Pre-alloc ListCell's optimization

From: Stephen Frost <sfrost(at)snowman(dot)net>
To: pgsql-hackers(at)postgresql(dot)org
Subject: Pre-alloc ListCell's optimization
Date: 2011-05-25 02:56:21
Message-ID: 20110525025621.GH4548@tamriel.snowman.net
Views: Raw Message | Whole Thread | Download mbox | Resend email
Thread:
Lists: pgsql-hackers

Greetings,

Someone (*cough*Haas*cough) made a claim over beers at PGCon that it
would be very difficult to come up with a way to pre-allocate List
entries and maintain the current List API. I'll admit that it wasn't
quite as trivial as I had *hoped*, but attached is a proof-of-concept
patch which does it.

A couple of notes regarding the patch:

First, it uses ffs(), which might not be fully portable.. We could
certainly implement the same thing in userspace and use ffs() when
it's available.

Second, there are a couple of bugs (or at least, I'll characterize
them that way) where we're pfree'ing a list which has been passed to
list_concat(). That's not strictly legal as either argument passed to
list_concat() could be returned and so one might end up free'ing the
list pointer that was just returned.
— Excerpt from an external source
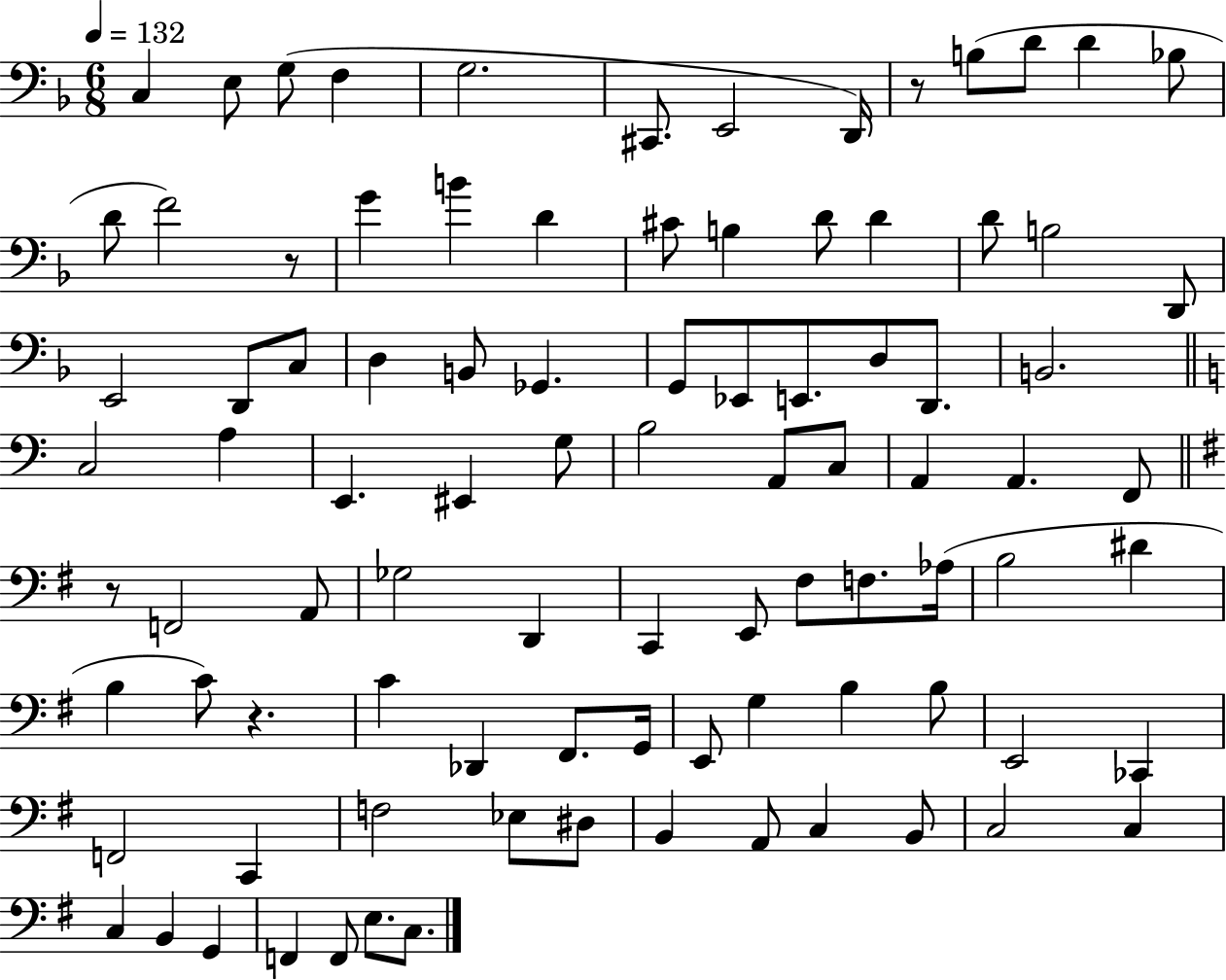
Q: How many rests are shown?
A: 4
Those pfree's are commented out
in this patch, but really should probably just be removed or replaced
with 'right' code (if it's critical to free this stuff).

Third, COPY_NODE_CELL() wasn't used anywhere other than _copyList and
would be difficult to keep as a macro given the way allocations happen
now for lists. It's no longer being used at all and therefore should
really be removed.

Fourth, the current implementation goes ahead and allocates 8
ListCell's, which quadruples the size of a List (40 bytes to 168
bytes, assuming 64bit ints). I don't see that as really being an
issue, but perhaps others would disagree.

Fifth, list_concat() has become more like list_concat_unique() and
friends (and hence slower). Instead of being able to just tack one
list on to the end of the other, we have to do an actual copy of the
list. This is due to having to allow callers to list_free(), which
will call pfree(), and we don't have any way to know which ListCell's
from the *old* list were pre-allocated and which weren't, which can
end up causing pfree() to crash when it's passed an invalid pointer.
In general, I'd hope that not having to palloc() for a small list
might make up for a lot of that slowdown, but you can't really argue
that anything O(n) can compete with the previous O(1) approach.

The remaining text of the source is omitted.